Anyway, the new McDimbulbs advert was filmed in Huddersfield. I'm not sure I'd have recognised this had someone not pointed it out to me. If you haven't seen it on your telly-box (I had to youtube it), it involves a young man (they all look young to me these days) singing the old Lerner & Loewe classic 'On The Street Where You Live' while he walks through town to get his McBreakfast. Except this guy has the worst sense of direction - he is in serious need of a SatNav. He begins his journey just outside Big Evil Corporation II, Tesco (ours is The Tesco Time Forgot - the only thing that's changed since it opened in the 80s is the prices). Conveniently though, The TTF has been edited out of the opening shot; we wouldn't want to promote a competitor, would we, McLads?

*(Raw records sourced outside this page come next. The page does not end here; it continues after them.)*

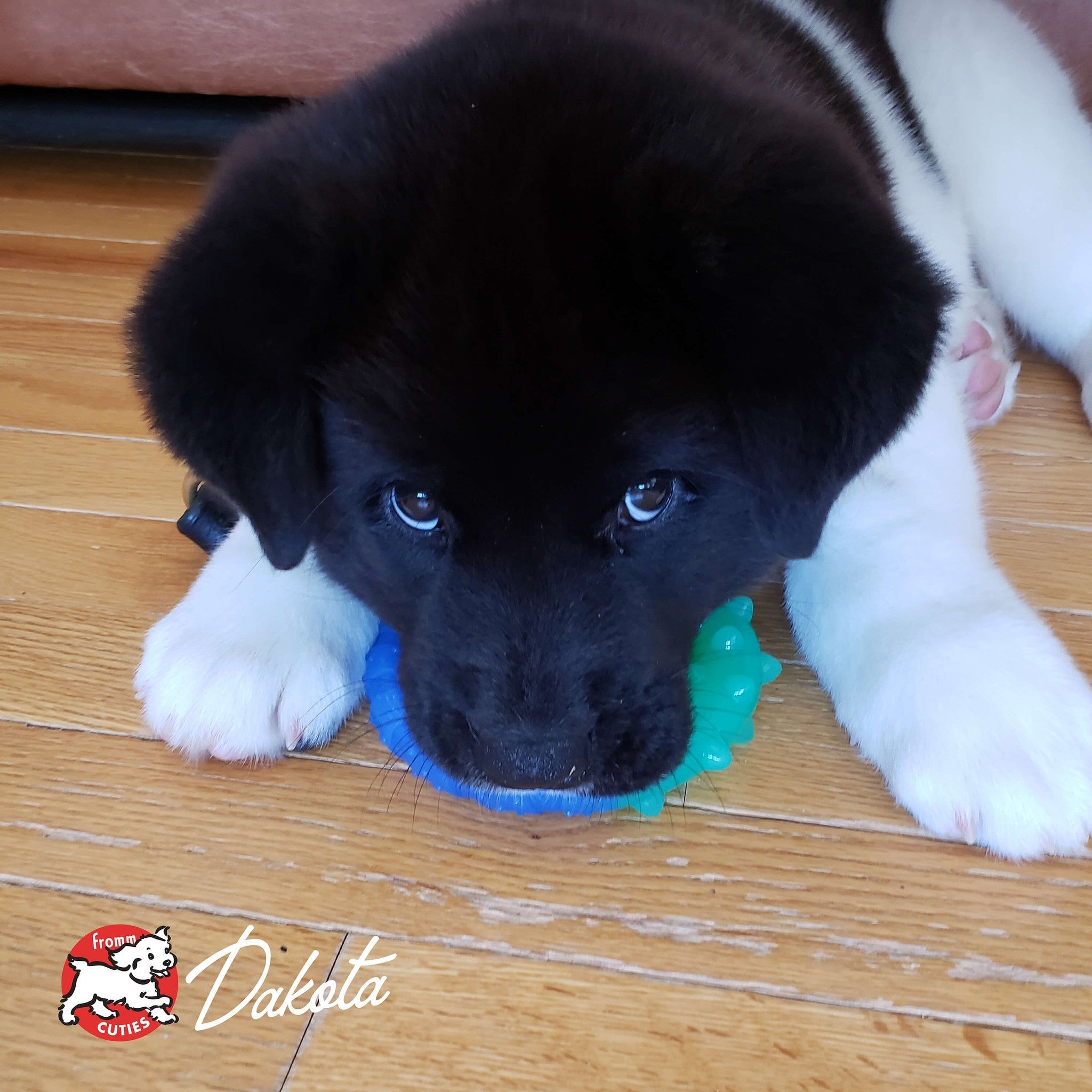 Puppy Dakota resting with a chew toy, from the Fromm Cuties gallery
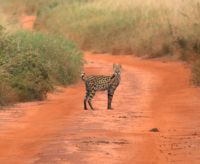 356 Serval &ndash; &copy; Susanne Schirmann (Eberhardt TRAVEL)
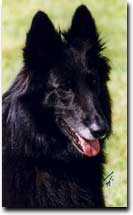 K�nera vom Schwarzen Ulan  / CACIB - Obedience 1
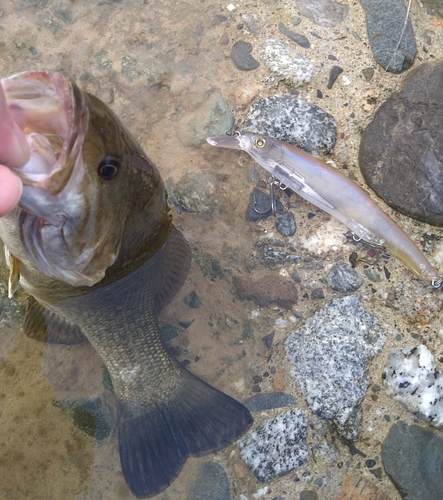 スモールマウスバスの釣果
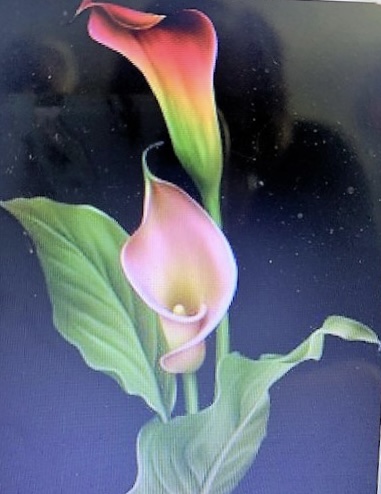 pink calla lilies 2.jpg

Anyway, our hero then walks under the grim Northern viaducts, heading in the correct direction (his goal is now about 30 seconds away) before he turns and starts walking back where he just came from. Next he finds himself a few blocks downtown by the Adult Cinema (also conveniently airbrushed out of existence) before walking past a launderette... in Fartown*. Which is a five minute bus ride away. Suddenly, he's on Cross Church Street, and heading in the right direction once again. Someone's even conveniently built an Abbey Road style zebra crossing to help him find his way. I'm surprised they didn't paint arrows on the shop windows too. Once again, he almost reaches his destination... when he detours along a side street packed with market stalls (which must have been blown a couple of blocks north by the strong Pennine winds). He takes time to flirt with a random woman (she's humouring him; she's already seen him walk past three times that morning)... and finally, he's there! Just in time to sink his choppers into one of those infamous "cooked meat" in "bread" combos before the men in the white van arrive to speed him back to the happy place.

It's all filmed in glorious HD technicolour supervision so golden and sunshiny it makes my home town look like Narnia. Now don't get me wrong, Huddersfield is a very nice place (I won't hear a word said against it... unless it's by me). But these aren't the streets where I live. It's Hollywood Huddersfield. I'm surprised he doesn't bump into Tom Hanks on his journey. (Maybe Tom finally heard about my sniper rifle.) Like the majority of advertising, it's one big, fat lie after another. Still... it's better than another repeat of Last of the Summer Wine. Just.

Has Television, Cinema or Evil Advertising ever distorted your hometown beyond all recognition?




(*I should point out to non-locals, this is pronounced "Far-town". Just as the nearby Penistone is pronounced "Penn-is-ton". Sorry.)